I can choose not to exercise because its too much work but I can't really argue about its merits.  If they had an exercise "pill" for example I would probably be trying to get on the drug trial list.  If I lived in the 1800s I would have purchased one of these medicated undergarments to "reduce the flesh".  Pills and rubber garments are far easier than exercise.  I wrestle with my tendencies all the time.

However, it is irrefutable, exercise is good for you.  There are innumerable studies which show that moderate exercise is beneficial unless you have some sort of disease that absolutely does not permit physical activity like fragile-bones disease.

I have chronic POTS and OI due to some mysterious cause that the doctors may never discover.  One of the ONLY treatments research has shown to dramatically improve the symptoms of patients with POTS is exercise.  So I exercise regularly and eat a fairly decent, healthy diet with extra salt and fluids.  I expect that I will continue to experience relapses due to unknown reasons but I also know that I will be stronger and more able to cope with any relapses if I keep exercising and maintain a healthy weight.

There are times, like today, when I want to sit on the couch and eat a whole bag of Lays Potato chips with dip.  There are times when I want a giant fudgey.  However, no amount of fudgies in the world are worth my health and being able to live a reasonably full life.
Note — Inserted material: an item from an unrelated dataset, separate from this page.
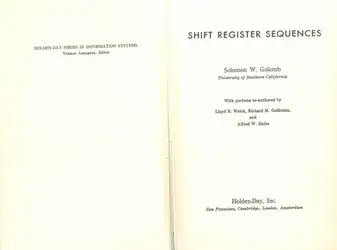 دانلود کتاب Shift Register Sequences: Secure and Limited-Access Code Generators, Efficiency Code Generators, Prescribed Property Generators, Mathematical Models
So I get off the couch and put away the bag of Lay's until next week, forget about the fudgey and I go exercise.

My 1972 Parisienne Couch Potato Car

My very first car was a pale yellow 1972 Parisienne which I purchased for a grand total of $300.  The car was lying in a farmer's field for a couple of years prior to the transfer of ownership.  It had been lying there so long, in fact, a tree was growing out of the front of the radiator grill.  The horn worked but sounded like an old man with smoker's cough.  The engine worked too...most of the time.  It was so plugged with (gunk?) that it took about 2 minutes from a standing start to get to 20mph.  The brakes weren't bad either but it was best to finish your take-out coffee before you needed to stop. 

You would expect a few troubles with a car that been lying around in a farmer's field for 2 years, right?  With regular oil changes, clean gasoline and some new spark plugs the car's drive improved.  It never lost its smoker's cough but it lasted me for another 3 years until I sold it for a modest profit.

When you have POTS is easy to feel like a car in a farmer's field.